Mean and standard deviation of data

Consider a list of data, such as the grades of a student:

4, 6, 3.5, 3, 6

The average or mean value of the grades is obtained by forming the sum of the grades, and dividing by the number of grades:

m = \frac{4+6+3.5+3+6}{5}=4.5

The average value indicates what the typical value is, or the value that "lies somewhere in the middle". The mean value thus calculates a "place" or "position" on the number line, and is therefore also called measure of position. There are several other such measures, e.g. the median, or the quantiles. However, we will not discuss them here.

Another interesting measure expresses how much the data vary.
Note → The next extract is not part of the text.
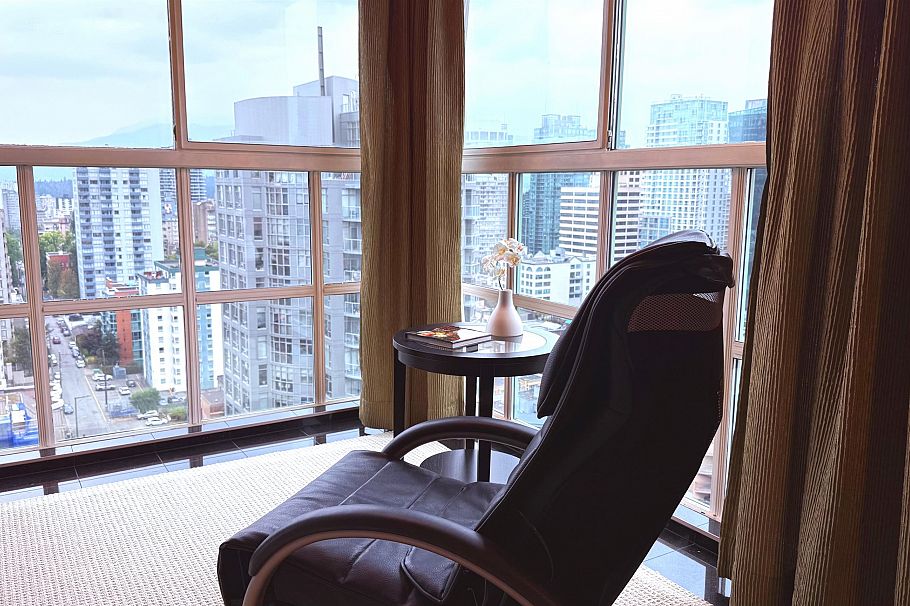 2201 909 Burrard Street Vancouver, BC - 11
Another student with the same average score of $4.5$ but with a much smaller variance (e.g. five times $4.5$ ) clearly shows a different performance. To qualify such variations in the data, we use the standard deviation. Since the standard deviation measures dispersion, it is also called a measure of dispersion. Again, there are several other measures of dispersion.
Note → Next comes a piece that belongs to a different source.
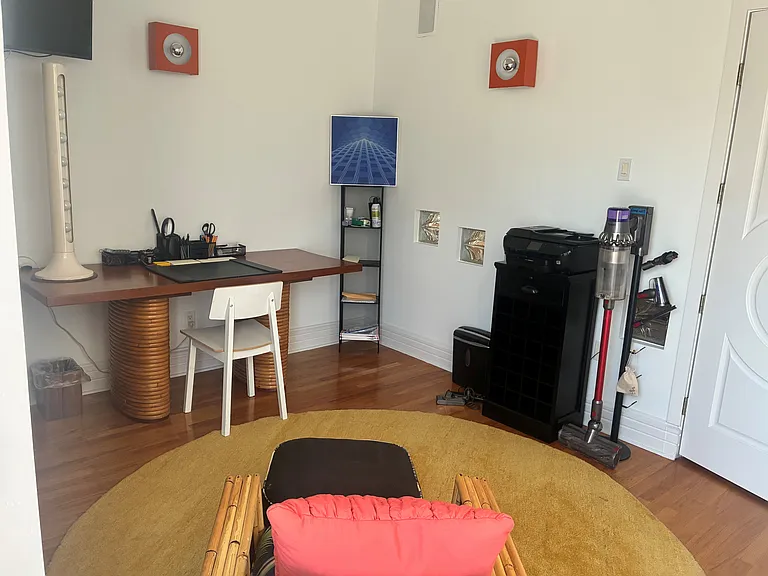 75-77 Woodlawn Ave #1 — Photo 8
The formula for calculation the standard deviation is shown below:

\begin{array}{lll} s &=& \sqrt{\frac{(4-4.5)^2+(6-4.5)^2+(3.5-4.5)^2+(3-4.5)^2+(6-4.5)^2}{5}}\\ &=&\sqrt{1.6}\\ &=&1.26\end{array}

This formula looks complicated, but its meaning is simple enough to understand: it is the average deviation of the data points from the mean (see figure below).
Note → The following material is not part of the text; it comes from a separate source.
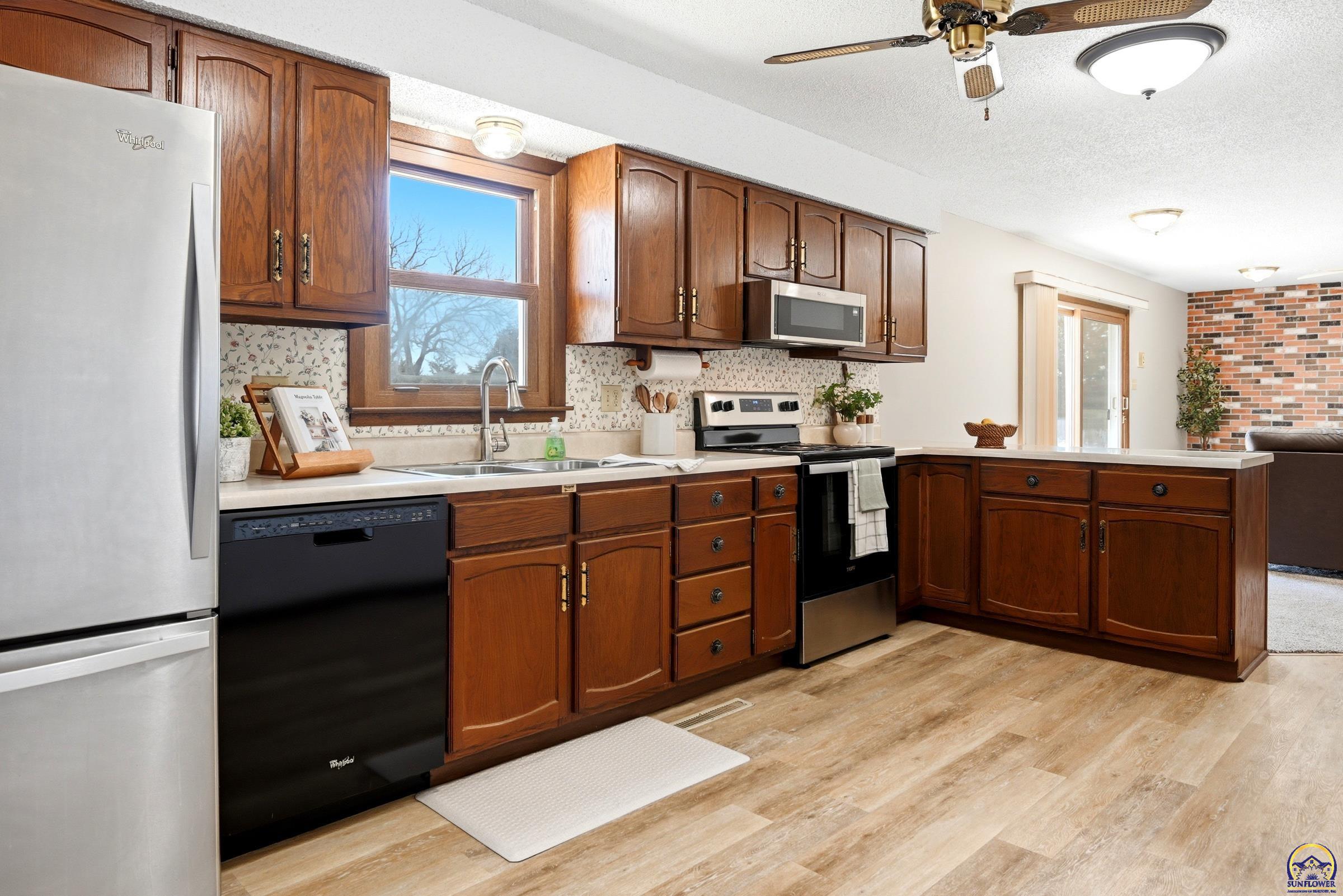 6444 Southeast Paulen Road Berryton, KS 66409 - Photo 5 of 34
The squared term $(4-4.5)^2$ is the difference between the mean $4.5$ and the data point $4$ , squared. We square it, so that the difference is always positive. So the formula calculates the average of the squared differences between the mean and the data points, and takes the root of this average.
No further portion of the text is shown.